As you might have noticed, the entry $a_{3,3}$ changed from -15 to 15. This is something we do for readability and comparability. We also change all unit entrys to 1 for the same reasons. These two steps don't need to be taken because the Smith normal form is only unique up to multiplication by an unit.

If we now Test with our matrix $A$ the following Equation should be true: $ D = P * A * Q$

In [14]:
show(D)
show(P * A * Q)

The following code combines all steps we made individually into one function only requiring us to input the matrix $A$ for which we wish to compute the Smith normal form

In [15]:
def smithNormalForm(A):
    D = copy(A)
    Q = matrix.identity(D.base_ring(), D.ncols())
    P = matrix.identity(D.base_ring(), D.nrows())
    pivot = -1
    while(pivot < D.ncols()):
        pivot, P, D, Q = pivotChoice(P, D, Q, pivot)
        if(pivot == -1):
            break
        while(len(D.nonzero_positions_in_column(pivot)) > 1 or len(D.nonzero_positions_in_row(pivot)) > 1):
            P, D, Q = pivotImproveRow(P, D, Q, pivot)
            P, D, Q = eliminateRow(P, D, Q, pivot)
            P, D, Q = pivotImproveCol(P, D, Q, pivot)
            P, D, Q = eliminateCol(P, D, Q, pivot)  
      
    P, D, Q = normalize(P, D, Q)
    return P, D, Q

This algorithm is implemented over any PID with excat evaluation on a Computer, mainly not over $\mathbb{R}$ and $\mathbb{R}$[x].

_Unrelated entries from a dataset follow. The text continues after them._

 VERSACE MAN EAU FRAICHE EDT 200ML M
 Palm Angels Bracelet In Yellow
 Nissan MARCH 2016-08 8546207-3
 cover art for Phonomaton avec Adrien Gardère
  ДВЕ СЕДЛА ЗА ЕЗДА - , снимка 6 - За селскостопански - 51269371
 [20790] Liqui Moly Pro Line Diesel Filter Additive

The following will give some exampels with randomly generated matrices:

In [16]:
A = random_matrix(QQ, 4, 5)
P, D, Q = smithNormalForm(A)
show(A)
show(D)
show(P * A * Q)


In [17]:
A = random_matrix(QQ['x'], 4, 7)
P, D, Q = smithNormalForm(A)
show(A)
show(D)
show(P * A * Q)

In [18]:
A = random_matrix(GF(3), 6, 2)
P, D, Q = smithNormalForm(A)
show(A)
show(D)
show(P * A * Q)

In [19]:
A = random_matrix(GF(7)['x'], 10, 5)
P, D, Q = smithNormalForm(A)
show(A)
show(D)
show(P * A * Q)

If you want to verify that the algortihm is correct you can use the function smith_form(), which is available in sage by default. You can use it like this:

In [20]:
A = random_matrix(ZZ, 5, 5)
P, D, Q = smithNormalForm(A)
D1, P1, Q1 = A.smith_form(A)
P1, D1, Q1 = normalize(P1, D1, Q1)
show(D)
show(D1)

As you can see, we still call normalize() on the Smith normal form provided by the sage function. This is due to the Smith normal form only being unique up to multipication by a unit. If we don't do this the result might look slightly different

In [21]:
A = random_matrix(QQ['x'], 3, 3)
P, D, Q = smithNormalForm(A)
D1, P1, Q1 = A.smith_form(A)
show(D)
show(D1)